Doppelschau für Ellsworth Kelly
München (dpa) - Ellsworth Kelly gilt als einer der wichtigsten zeitgenössischen US-amerikanischen Künstler überhaupt. Als Maler und Objektkünstler hat er sich mit seinen großflächigen, abstrakten Gemälden, streng geometrischen Formen und knalligen Farben weltweit einen Namen gemacht.
Kein Wunder also, dass sich in München gleich zwei große Retrospektiven dem Werk des US-Amerikaners widmen, der auch mit 88 Jahren noch immer in keine Schublade passen will.
Auf Kellys Werk in Schwarz und Weiß konzentriert sich das Haus der Kunst. Er ist zwar „der Großmeister der Farbe“, wie er auch bei der Gestaltung der Donnerstagsausgabe der Zeitung „Die Welt“ bewies. Doch „die schwarz-weißen Arbeiten bilden nicht mehr und nicht weniger als das Rückgrat seines künstlerischen Schaffens“, wie Kurator Ulrich Wilmes sagt.

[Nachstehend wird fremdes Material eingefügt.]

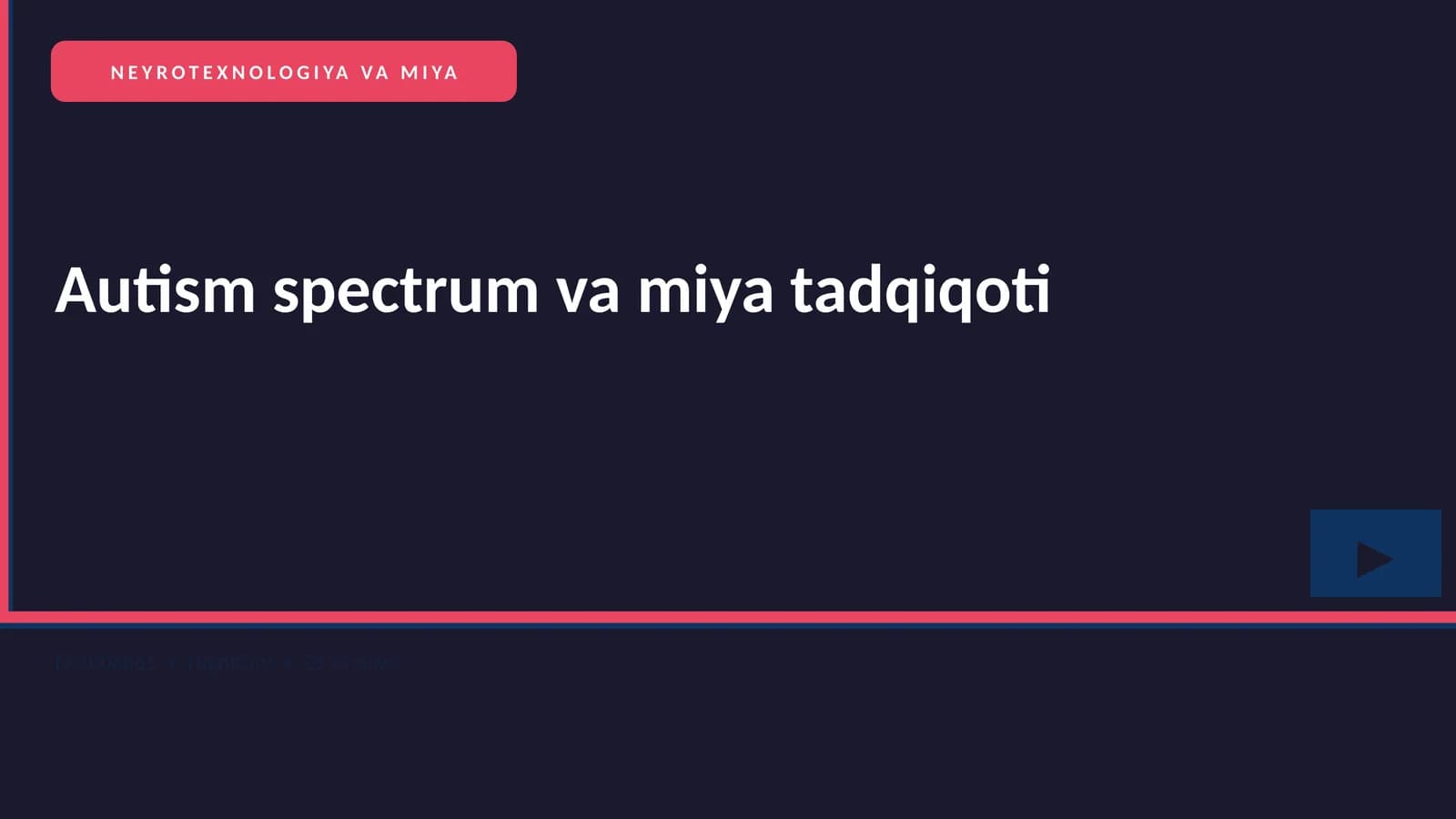 AUTISM SPECTRUM VA MIYA TADQIQOTI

Die Ausstellung zeigt in den weitläufigen, meterhohen Räumen des Hauses der Kunst zahlreiche großflächige und ausschließlich schwarz-weiße Arbeiten, darunter ein eigens für die Schau geschaffenes Bodenkunstwerk mit sehr begrenzter Haltbarkeit. Nach dem Ende der Ausstellung am 22. Januar 2012 soll es zerstört werden.
Auch wenn es nur schwer nachvollziehbar ist: Seine Vorlagen für die abstrakten Werke findet Kelly im Alltag. Anregungen finde er in Fenstern, einer Toilette oder der Seine, wie die Titel seiner Arbeiten verraten. Zu sehen ist davon auf seinen Bildern allerdings nicht mehr viel. Sein Verfahren ist das der Übertragung von Altersbeobachtung in Abstraktes.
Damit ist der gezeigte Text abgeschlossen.